What about the timing of the test? Does it have to be spring? Well, yes and no. Early detection is always best. It takes five to nine months from the time Robin gets infected until our test will show positive. Do the math. It is true that in our neck of the woods the most effective screening time for early diagnosis of the majority of infections is spring. Maybe I'm getting lazy. Maybe motherhood has worn me out. Or maybe I just find so few cases of heartworm here that I question the effort and expense of testing every mutt every spring, especially if they get macrolide preventative year-round.
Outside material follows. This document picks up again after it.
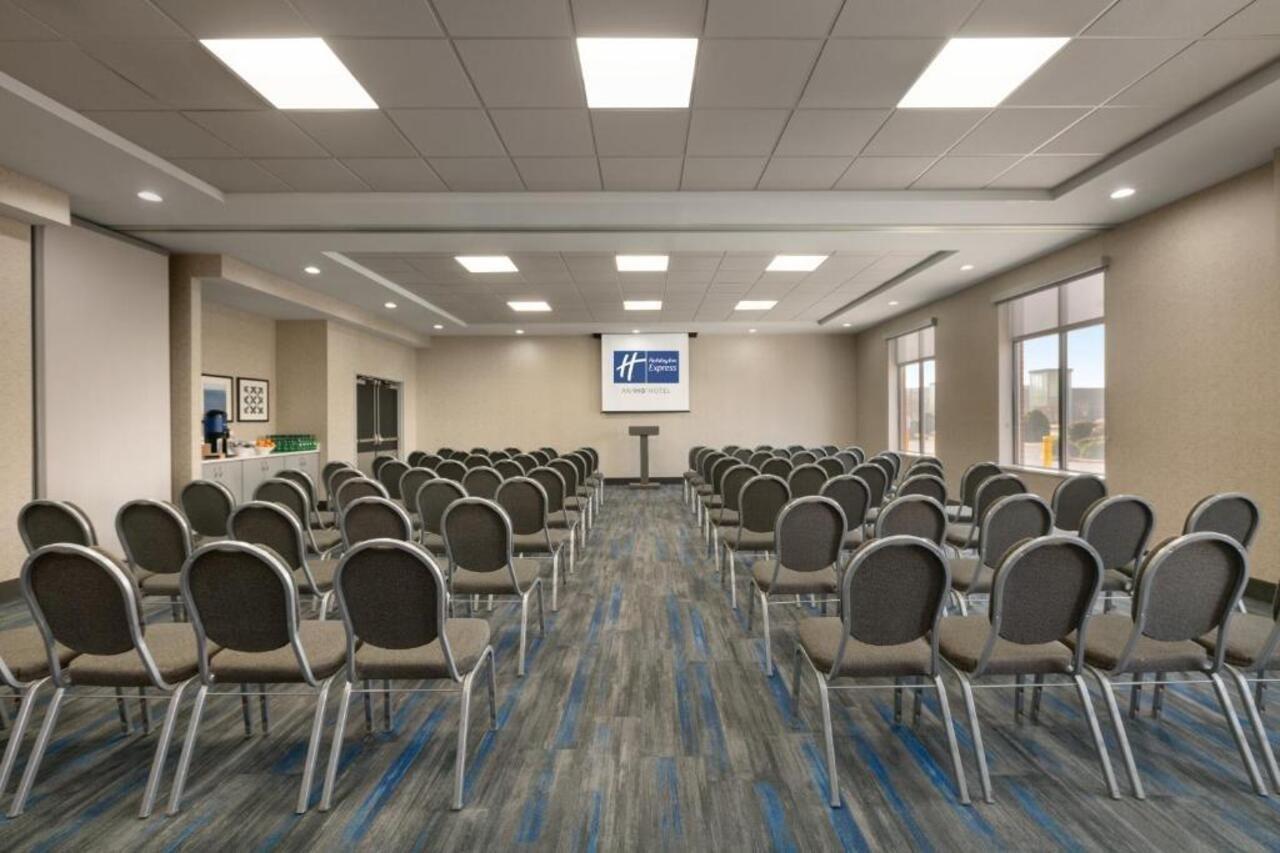 Holiday Inn Express Hotel & Suites Norfolk Airport By Ihg Экстерьер фото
What if we have an unseasonably warm winter? Recent studies show that the average daily temperature has to be at least 57 degrees for the larvae in the skeeter to mature to the infective stage. Despite global warming, that ain't happening here - at least not yet. What if you forget for a couple of months while you hibernated through January and February? If your lapse was brief, and you've given pills reliably otherwise, the reach-back effect has Robin covered. What if by some weird confluence of circumstances, Robin did get infected and you didn't know? Could restarting medication without a test hurt her? Unlikely. Macrolides don't tend to create the same problems when given to heartworm-positive dogs as DEC did. The major down side to biennial testing is the chance of missing that early diagnosis in an infected individual.
Now I am not telling you to be lax about either testing or prevention. Heartworm infection is a serious, life-threatening disease. The treatment is no picnic either. It is up to you to assess Robin's risk. If you travel to the Caribbean, or Florida, or other locales with a high prevalence of heartworm, all bets are off. You should give Robin preventative year-round, test annually, and talk with a veterinarian about preventative for your southbound cats, too. Feline heartworm is uncommon but increasing in incidence. But if you have complied with your monthly preventative like clockwork, if you don't travel, and Robin comes annually for a physical examination, then I would recommend HW testing every other year at her routine visit. Your veterinarian may disagree.
Many experts still advise an annual spring screening and there is a reasonable case to be made for erring on the side of caution. So, I'm happy to run a spring test if you want to make sure Robin didn't get that worm. I'm just gonna do it one dog at a time during regular office hours.